*** Opening EXERCISE MATERIALS ***

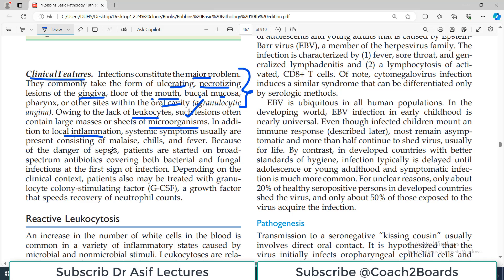In addition to local inflammation, systemic symptoms are usually also present, including chills, fevers, and malaise — all symptoms of infection. Because of the danger of sepsis, since neutrophils are not controlling infection, patients must be immediately started on broad-spectrum antibiotics covering both bacterial and fungal infections.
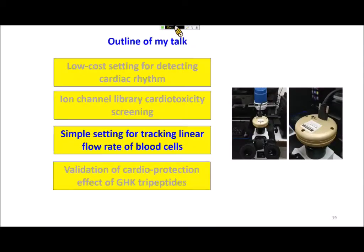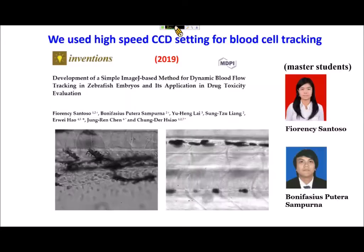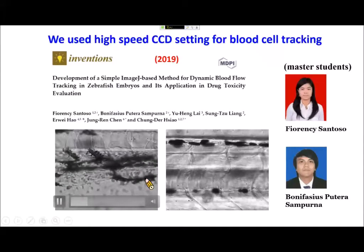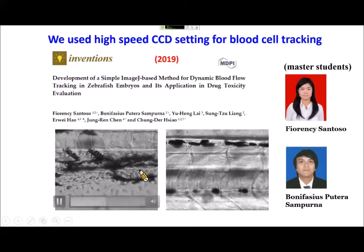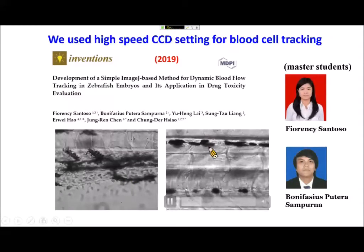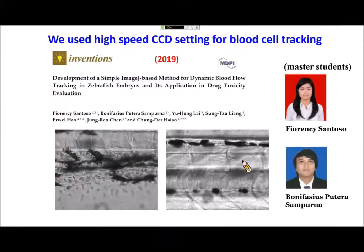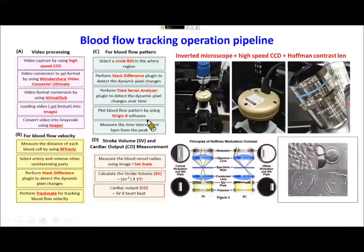Next we moved to blood flow detection. We use a high-speed CCD to record blood flow. This video shows blood flow in the dorsal aorta and pectoral cardinal vein. After slowing down the frame rate, you can see blood flow in the artery and vein, and even single red blood cells in the capillary. Using this high-speed CCD, the resolution is very good and we can observe the detail of blood flow. This work was done by my students Phil and Bonnie.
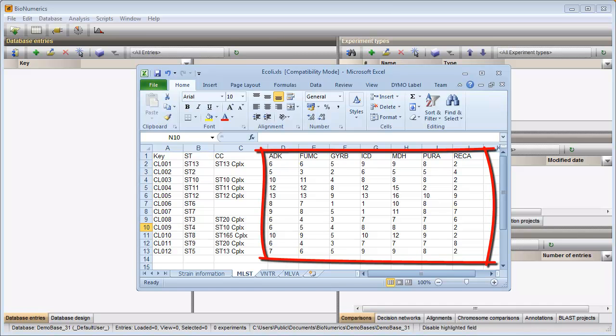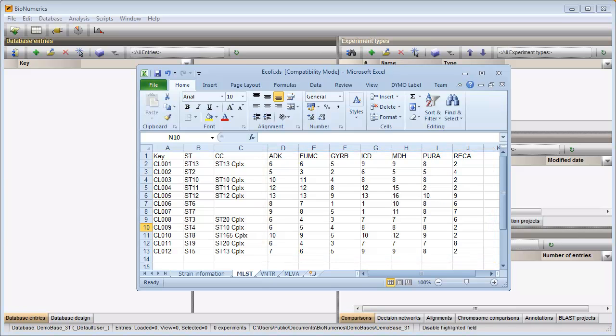These values will be stored in a character type experiment. In Excel it is possible to save a range of cells. This might be of interest if you only want to import part of the information that is present in a sheet.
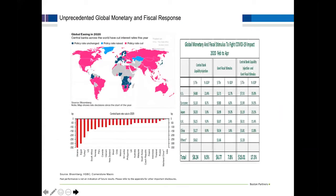On a global basis, similar response. Countries around the globe cut rates in 2020. Cornerstone Macro estimates that the combination of central bank liquidity injection and fiscal stimulus from various governments amounts to 17.3% of global GDP — an unprecedented response to this crisis. Not just the US but many other economies, central banks, and governments have tried their best to ward off the effects of the virus.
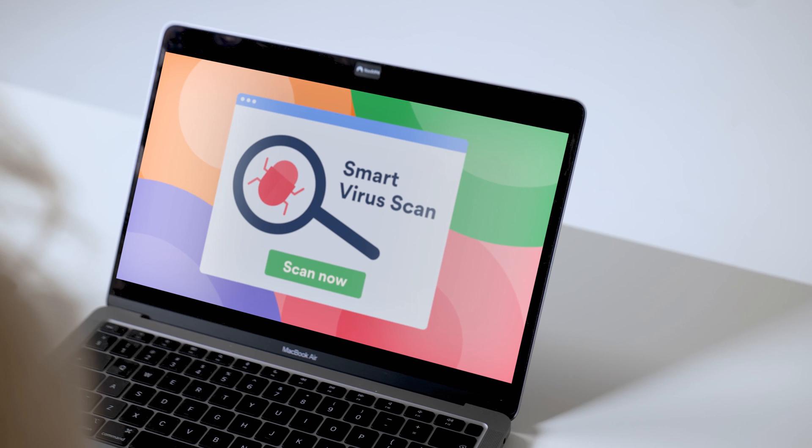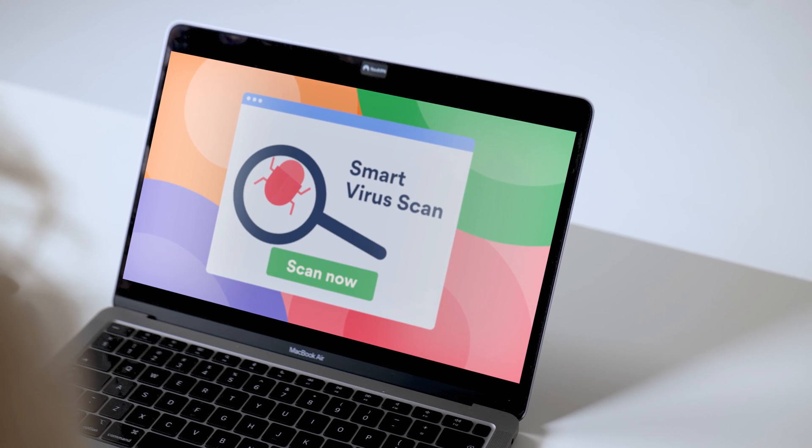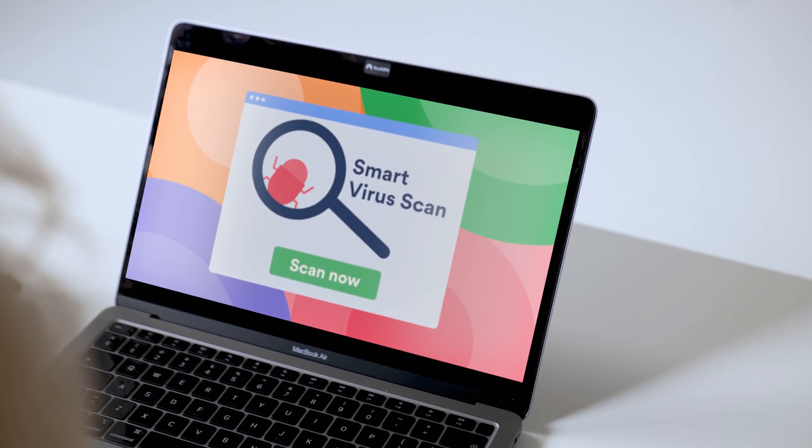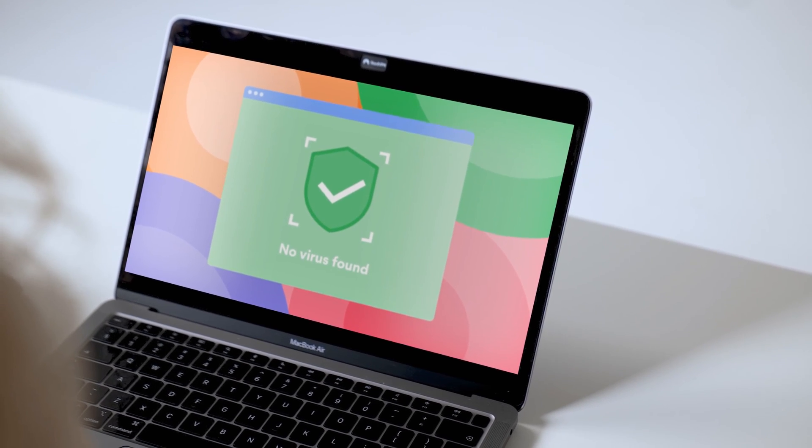It looks like you just downloaded a virus. But there is one tool that can help you in such cases — meet the antivirus. The antivirus immediately discovers and quarantines any viruses it finds on your device.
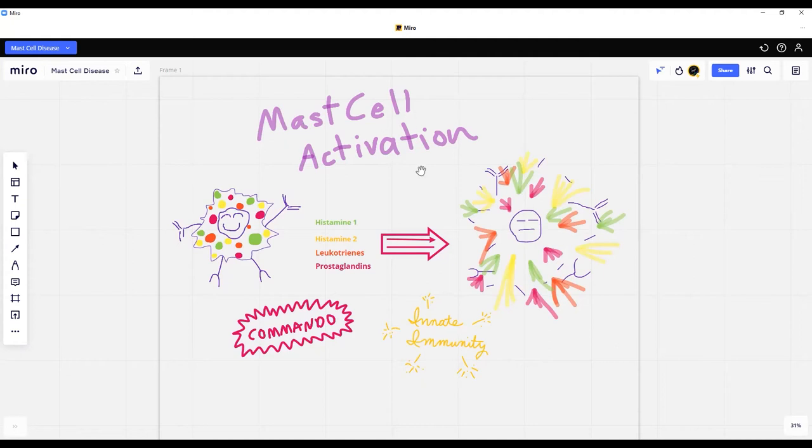This is called mast cell activation — when something fits into the right places on his receptors and makes him explode. So that's what a mast cell does. Now, what's mast cell disease? Well, as you can imagine, you've got these little commandos running around in the various surfaces of your body. Mast cells are going to be found in all the places where stuff can contact your body from the outside world — things like your skin, your digestive tract, your sinuses — places where your body comes in contact with the outside world, dealing with all kinds of insults from the outside.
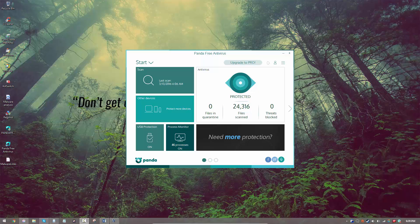Long time no see! Nowadays panda bears are endangered, but let's see how well the antivirus product is fighting. This is a full review of Panda Cloud Antivirus and you are watching the PC Security Channel.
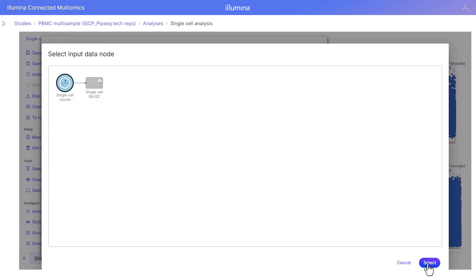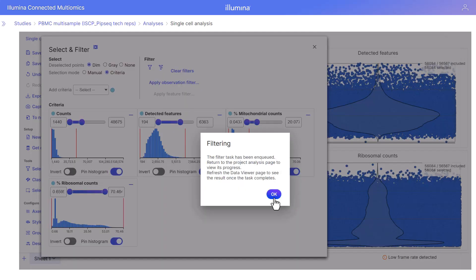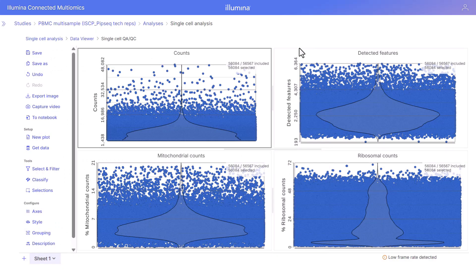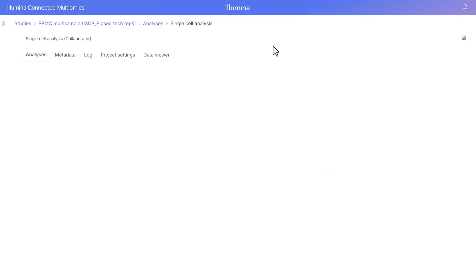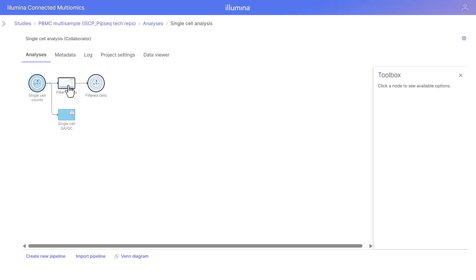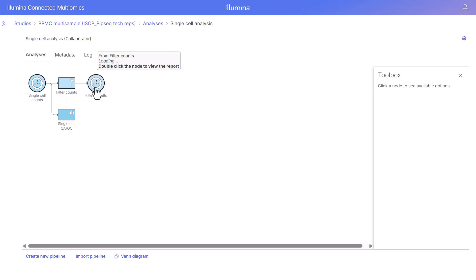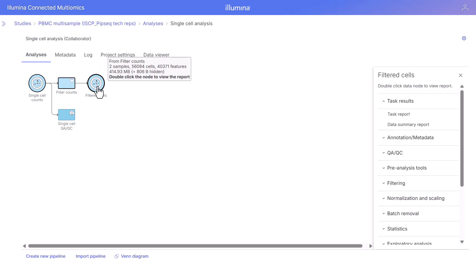We can apply this observation filter to the single cell counts node and select that node. This task has been queued on the pipeline. We can go to our pipeline to see this task queued by clicking on the name of the project. The filter counts task is queued, and when it completes it will turn from transparent to opaque. Our cells have now been filtered, and we see that reflected here in the result node.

*** Closing EXERCISE MATERIALS ***

ACTION ITEM:
Copy every line above word for word and exclude the pictures.

REPLY TO THE EXERCISE:
In addition to local inflammation, systemic symptoms are usually also present, including chills, fevers, and malaise — all symptoms of infection. Because of the danger of sepsis, since neutrophils are not controlling infection, patients must be immediately started on broad-spectrum antibiotics covering both bacterial and fungal infections.
Next we moved to blood flow detection. We use a high-speed CCD to record blood flow. This video shows blood flow in the dorsal aorta and pectoral cardinal vein. After slowing down the frame rate, you can see blood flow in the artery and vein, and even single red blood cells in the capillary. Using this high-speed CCD, the resolution is very good and we can observe the detail of blood flow. This work was done by my students Phil and Bonnie.
These values will be stored in a character type experiment. In Excel it is possible to save a range of cells. This might be of interest if you only want to import part of the information that is present in a sheet.
On a global basis, similar response. Countries around the globe cut rates in 2020. Cornerstone Macro estimates that the combination of central bank liquidity injection and fiscal stimulus from various governments amounts to 17.3% of global GDP — an unprecedented response to this crisis. Not just the US but many other economies, central banks, and governments have tried their best to ward off the effects of the virus.
It looks like you just downloaded a virus. But there is one tool that can help you in such cases — meet the antivirus. The antivirus immediately discovers and quarantines any viruses it finds on your device.
This is called mast cell activation — when something fits into the right places on his receptors and makes him explode. So that's what a mast cell does. Now, what's mast cell disease? Well, as you can imagine, you've got these little commandos running around in the various surfaces of your body. Mast cells are going to be found in all the places where stuff can contact your body from the outside world — things like your skin, your digestive tract, your sinuses — places where your body comes in contact with the outside world, dealing with all kinds of insults from the outside.
Long time no see! Nowadays panda bears are endangered, but let's see how well the antivirus product is fighting. This is a full review of Panda Cloud Antivirus and you are watching the PC Security Channel.
We can apply this observation filter to the single cell counts node and select that node. This task has been queued on the pipeline. We can go to our pipeline to see this task queued by clicking on the name of the project. The filter counts task is queued, and when it completes it will turn from transparent to opaque. Our cells have now been filtered, and we see that reflected here in the result node.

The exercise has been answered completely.